Druck auf Washington und das Risiko eines größeren Krieges
Für Washington ist das ein besonders sensibler Moment. Jede neue iranische Salve gegen die Golfstaaten erhöht den Druck auf die amerikanische Regierung, stärker zu reagieren, um ihre Stützpunkte, Verbündeten und Seerouten zu schützen. Doch genau darin liegt das Paradox der gegenwärtigen Phase des Konflikts: Eine stärkere amerikanische Antwort kann kurzfristig Entschlossenheit zeigen, zugleich aber das iranische Argument weiter festigen, es führe einen Verteidigungskrieg gegen eine breite Koalition. So entsteht eine Spirale, in der jede Seite ihre eigene Eskalation als notwendige Reaktion auf die Schritte der anderen darstellt.
Das amerikanische Außenministerium und Partner aus der Region verurteilten bereits zu Beginn des Monats die iranischen Raketen- und Drohnenangriffe in einer gemeinsamen Erklärung mit Bahrain, Jordanien, Kuwait, Katar, Saudi-Arabien und den Vereinigten Arabischen Emiraten. Inzwischen kamen auch weitere amerikanische Botschaften hinzu, dass der Schutz von Truppen und Infrastruktur Priorität bleiben werde. Doch das Problem für Washington ist nicht nur die Verteidigung bestehender Positionen. Das Problem sind auch die politischen Kosten einer möglichen Ausweitung des Krieges in einem Moment, in dem jeder neue Schlag die Gefahr einer größeren Zahl ziviler Opfer, von Störungen in der Energieversorgung und der Destabilisierung jener Partner erhöht, auf die sich die USA in der Region stützen.
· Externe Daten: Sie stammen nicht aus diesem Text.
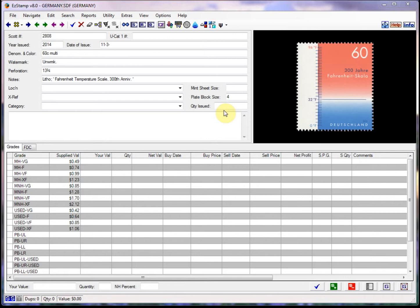In any case, you can easily run a search in Easy Stamp to show you when a mint never hinged stamp has a market value less than a used stamp. I'll be using the Germany database today, but the search works the same for all 485 databases in Easy Stamp. So let's begin.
Die Vereinten Nationen haben mehrfach gewarnt, dass die Lage außer Kontrolle geraten könnte. Generalsekretär António Guterres rief am 28. Februar und am 6. März zu einer dringenden Deeskalation, zu einem Waffenstillstand und zur Rückkehr zu ernsthaften Verhandlungen auf und warnte, dass Schläge und Gegenschläge Zivilisten und die Weltwirtschaft gefährden. Nach den jüngsten Liquidierungen wirken diese Warnungen noch ernster, weil der Krieg immer weniger als begrenzter Austausch von Schlägen beschrieben werden kann und immer mehr als mehrseitiger Konflikt mit offenen Möglichkeiten eines Übergreifens.
Warum die Straße von Hormus weiterhin die zentrale Frage ist
Schon die Geografie des Nahen Ostens erklärt, warum die Ausweitung der iranischen Reaktion so wichtig ist. Die Straße von Hormus ist nicht nur ein symbolischer Raum des Wettstreits zwischen Teheran und Washington, sondern eine lebenswichtige Verkehrsroute, durch die Öl, Erdölprodukte und verflüssigtes Erdgas transportiert werden. Immer wenn Iran signalisiert, dass es den Verkehr durch diese Passage erschweren oder selektiv einschränken kann, reagieren die Märkte nahezu augenblicklich. Die IEA warnte in diesem Monat, dass die Ströme durch Hormus von ungefähr 20 Millionen Barrel pro Tag vor dem Krieg auf nur noch einen kleinen Teil dieses Volumens gefallen seien, und die Golfstaaten hätten ihre Produktion bereits drosseln müssen.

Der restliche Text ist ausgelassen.